▶ _TASK GOAL_
An exact copy of the listing below is required, minus its pictures.

%%

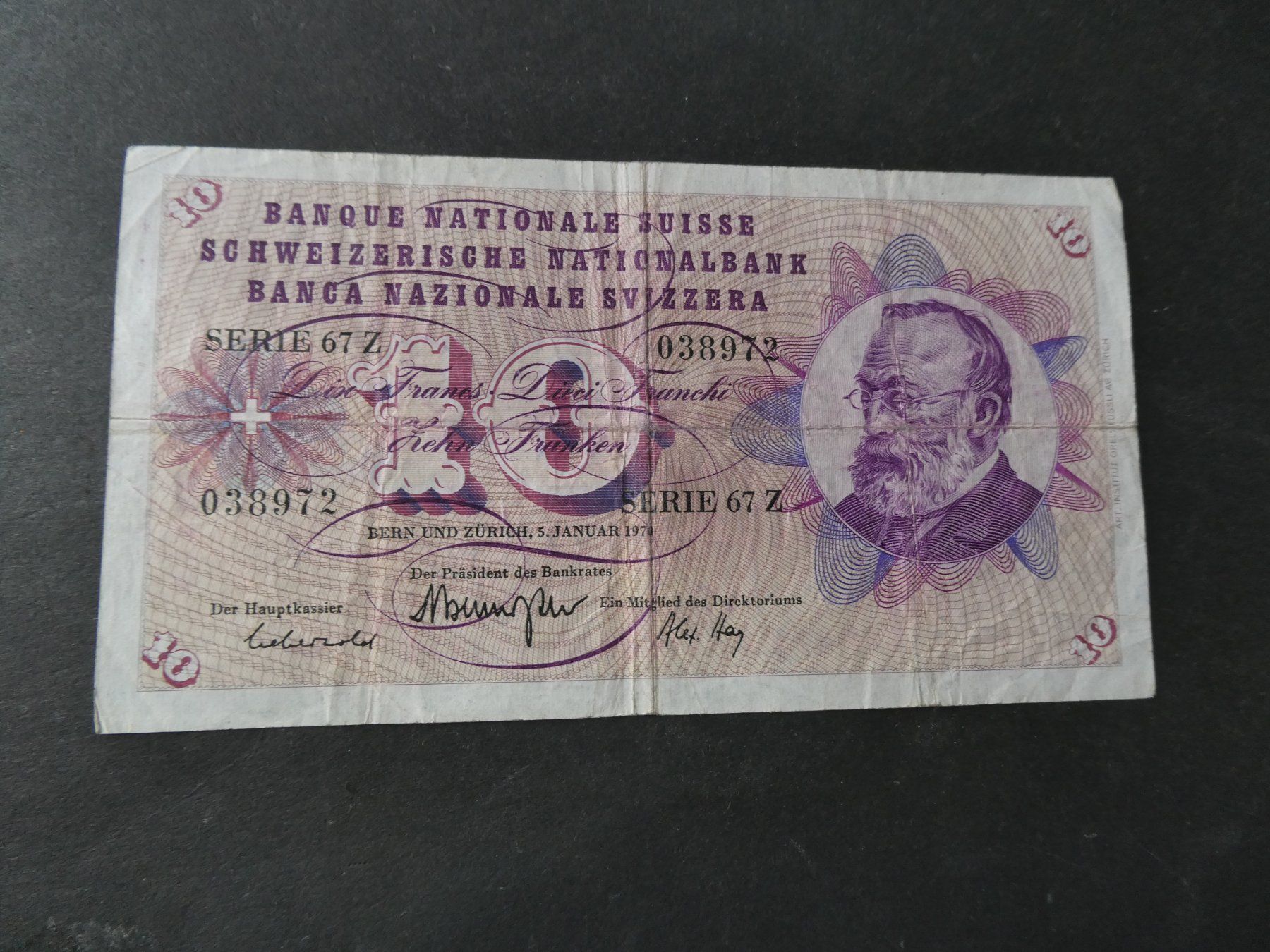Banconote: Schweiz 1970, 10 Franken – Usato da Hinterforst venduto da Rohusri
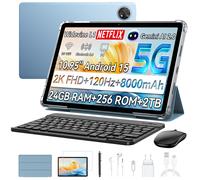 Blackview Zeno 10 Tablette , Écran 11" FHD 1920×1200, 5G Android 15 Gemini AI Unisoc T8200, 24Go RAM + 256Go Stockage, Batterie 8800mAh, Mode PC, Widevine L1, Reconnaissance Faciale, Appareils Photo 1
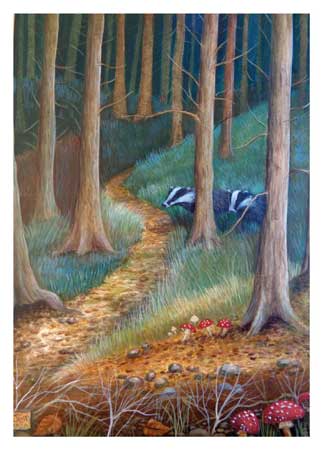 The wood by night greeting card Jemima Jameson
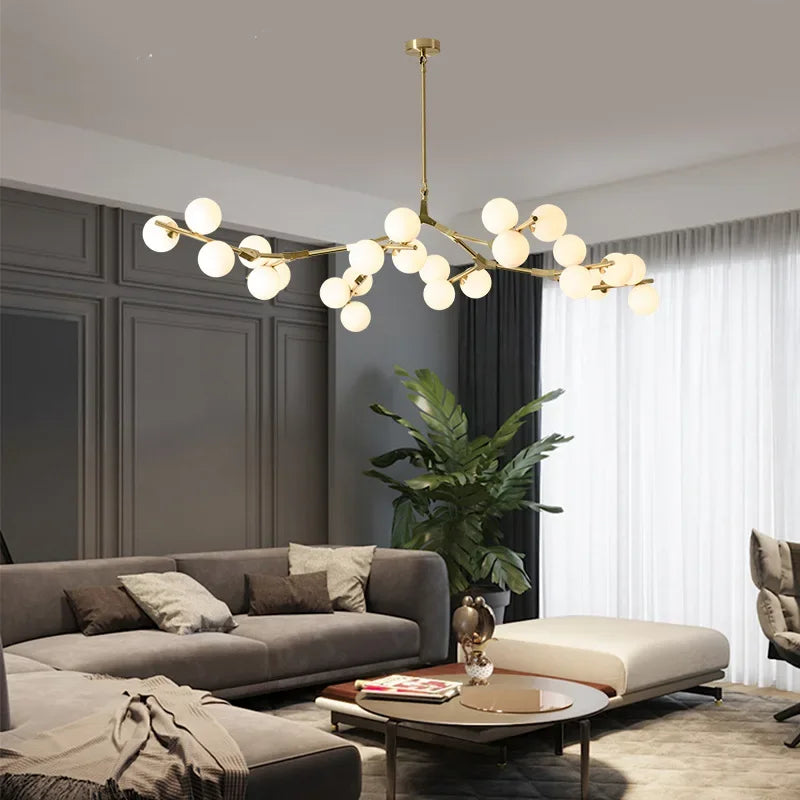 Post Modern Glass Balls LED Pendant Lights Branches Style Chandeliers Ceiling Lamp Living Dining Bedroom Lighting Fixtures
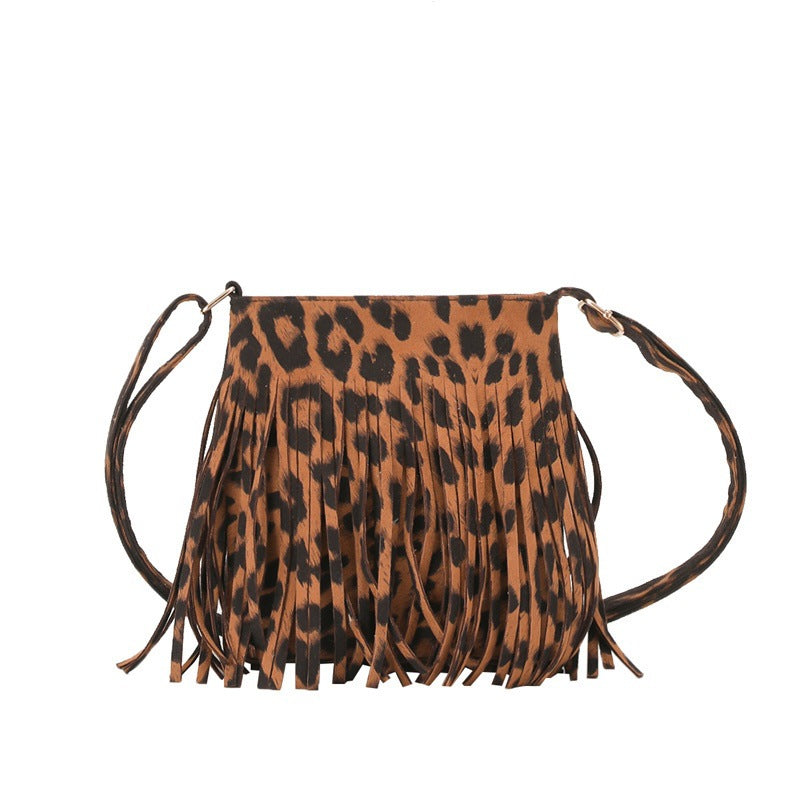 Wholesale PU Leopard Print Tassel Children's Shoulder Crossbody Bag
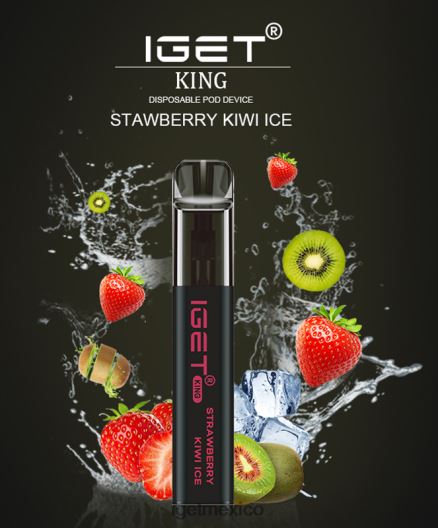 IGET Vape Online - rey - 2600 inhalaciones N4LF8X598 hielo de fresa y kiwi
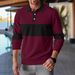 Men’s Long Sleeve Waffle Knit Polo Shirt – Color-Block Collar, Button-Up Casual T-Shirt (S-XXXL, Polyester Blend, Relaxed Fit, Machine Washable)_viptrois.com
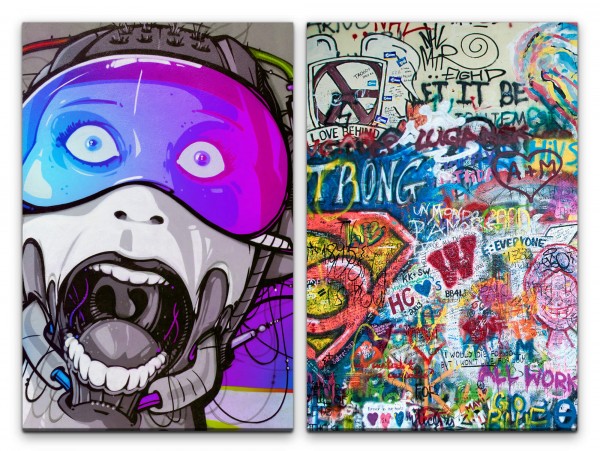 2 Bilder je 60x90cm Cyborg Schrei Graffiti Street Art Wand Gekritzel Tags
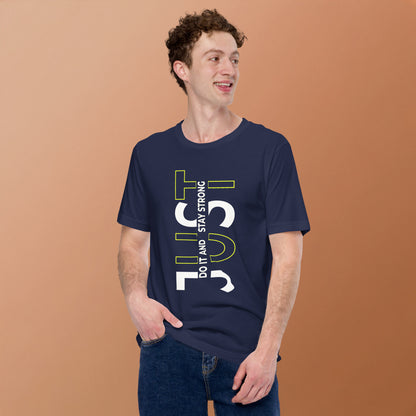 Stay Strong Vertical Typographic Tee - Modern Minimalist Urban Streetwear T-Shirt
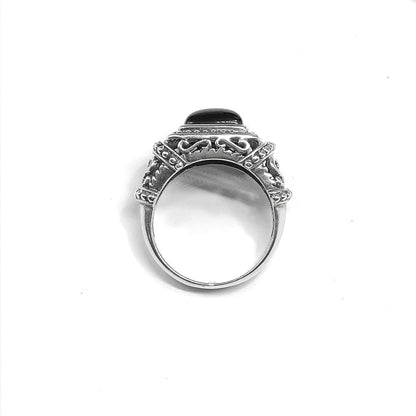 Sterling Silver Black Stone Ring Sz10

%%

▶ _EXERCISE SOLUTION_
Banconote: Schweiz 1970, 10 Franken – Usato da Hinterforst venduto da Rohusri
 Blackview Zeno 10 Tablette , Écran 11" FHD 1920×1200, 5G Android 15 Gemini AI Unisoc T8200, 24Go RAM + 256Go Stockage, Batterie 8800mAh, Mode PC, Widevine L1, Reconnaissance Faciale, Appareils Photo 1
 The wood by night greeting card Jemima Jameson
 Post Modern Glass Balls LED Pendant Lights Branches Style Chandeliers Ceiling Lamp Living Dining Bedroom Lighting Fixtures
 Wholesale PU Leopard Print Tassel Children's Shoulder Crossbody Bag
 IGET Vape Online - rey - 2600 inhalaciones N4LF8X598 hielo de fresa y kiwi
 Men’s Long Sleeve Waffle Knit Polo Shirt – Color-Block Collar, Button-Up Casual T-Shirt (S-XXXL, Polyester Blend, Relaxed Fit, Machine Washable)_viptrois.com
 2 Bilder je 60x90cm Cyborg Schrei Graffiti Street Art Wand Gekritzel Tags
 Stay Strong Vertical Typographic Tee - Modern Minimalist Urban Streetwear T-Shirt
 Sterling Silver Black Stone Ring Sz10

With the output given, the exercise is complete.